▶ **Assignment**:
Each line starting at the one that contains "Drawing - Human" and ending at the one that contains "A group of poodle" must be returned exactly, and the rest of the listing is left out.

▶ **Record extracts**:
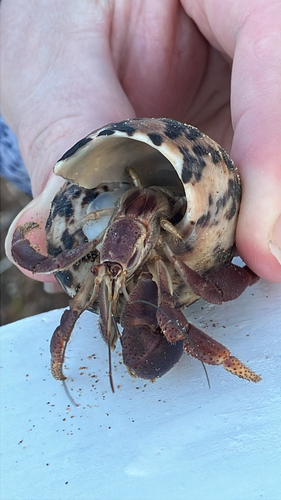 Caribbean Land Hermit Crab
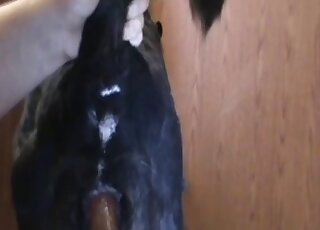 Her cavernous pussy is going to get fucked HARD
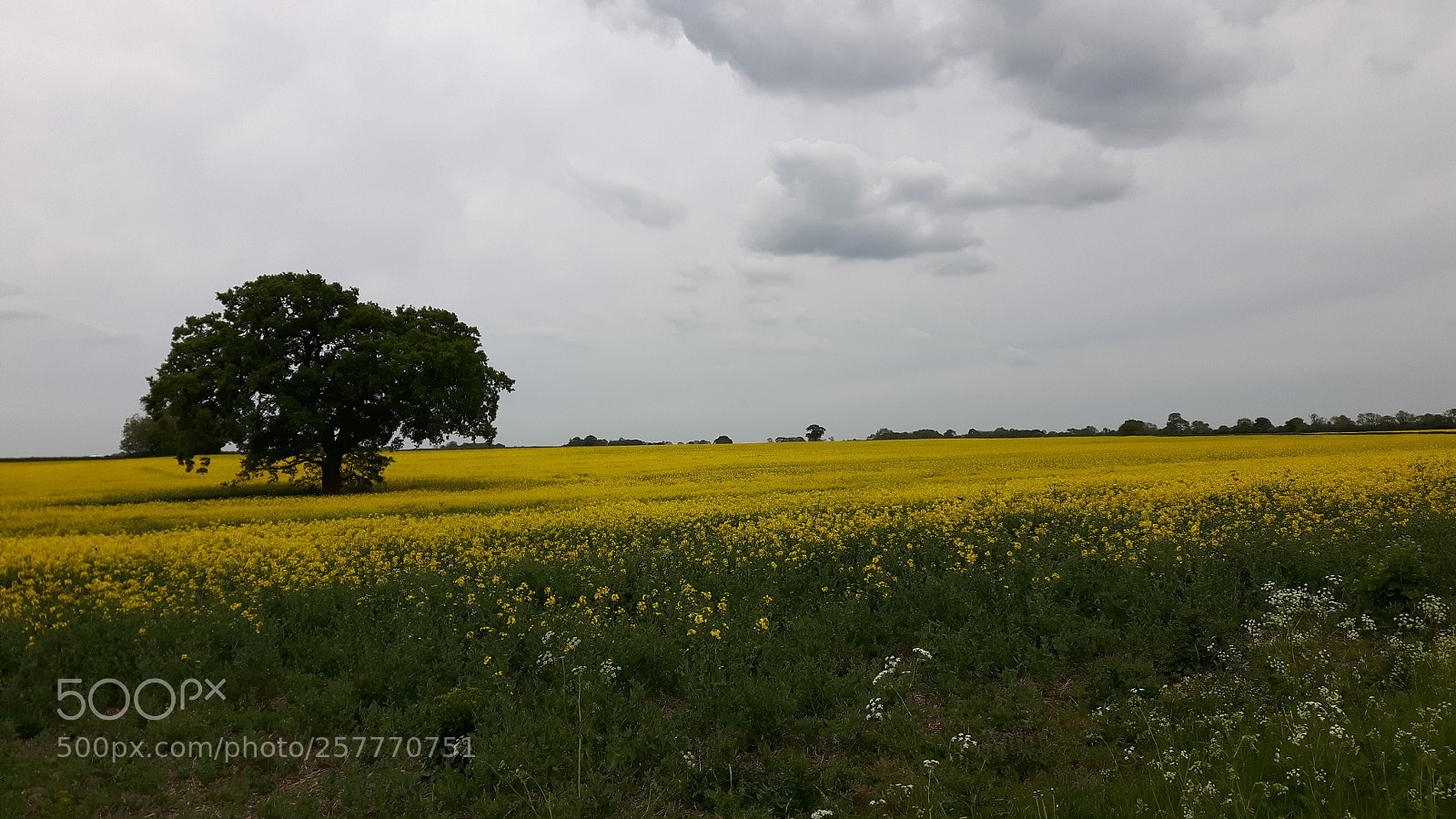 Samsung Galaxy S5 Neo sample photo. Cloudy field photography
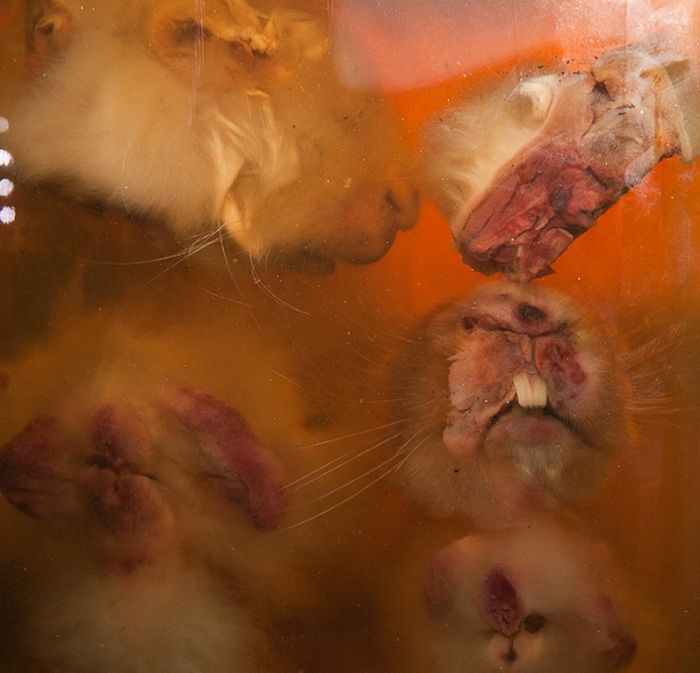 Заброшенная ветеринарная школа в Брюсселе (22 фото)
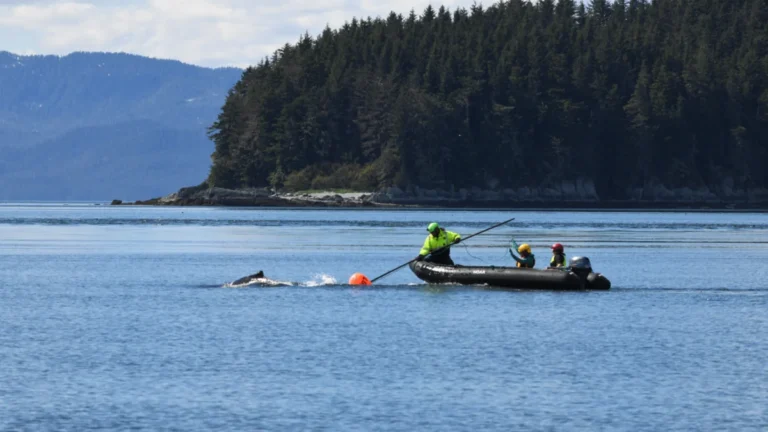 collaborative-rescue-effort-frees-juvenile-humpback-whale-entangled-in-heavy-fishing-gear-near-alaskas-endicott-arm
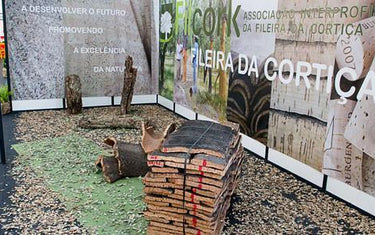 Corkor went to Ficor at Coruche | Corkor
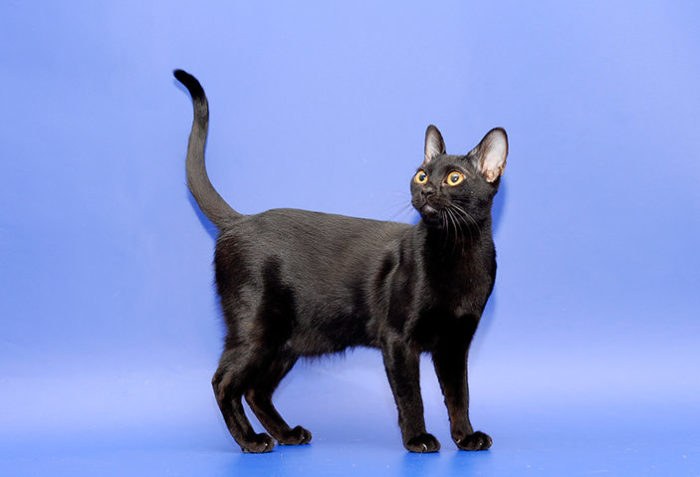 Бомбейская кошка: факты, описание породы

==

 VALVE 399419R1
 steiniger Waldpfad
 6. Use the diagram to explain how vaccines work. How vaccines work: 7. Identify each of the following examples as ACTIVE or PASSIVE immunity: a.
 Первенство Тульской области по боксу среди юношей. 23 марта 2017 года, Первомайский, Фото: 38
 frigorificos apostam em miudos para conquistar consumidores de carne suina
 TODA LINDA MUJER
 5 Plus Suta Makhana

...

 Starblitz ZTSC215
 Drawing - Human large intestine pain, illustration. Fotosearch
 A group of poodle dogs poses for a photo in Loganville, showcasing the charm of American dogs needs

▶ **Expected output**:
 Drawing - Human large intestine pain, illustration. Fotosearch
 A group of poodle dogs poses for a photo in Loganville, showcasing the charm of American dogs needs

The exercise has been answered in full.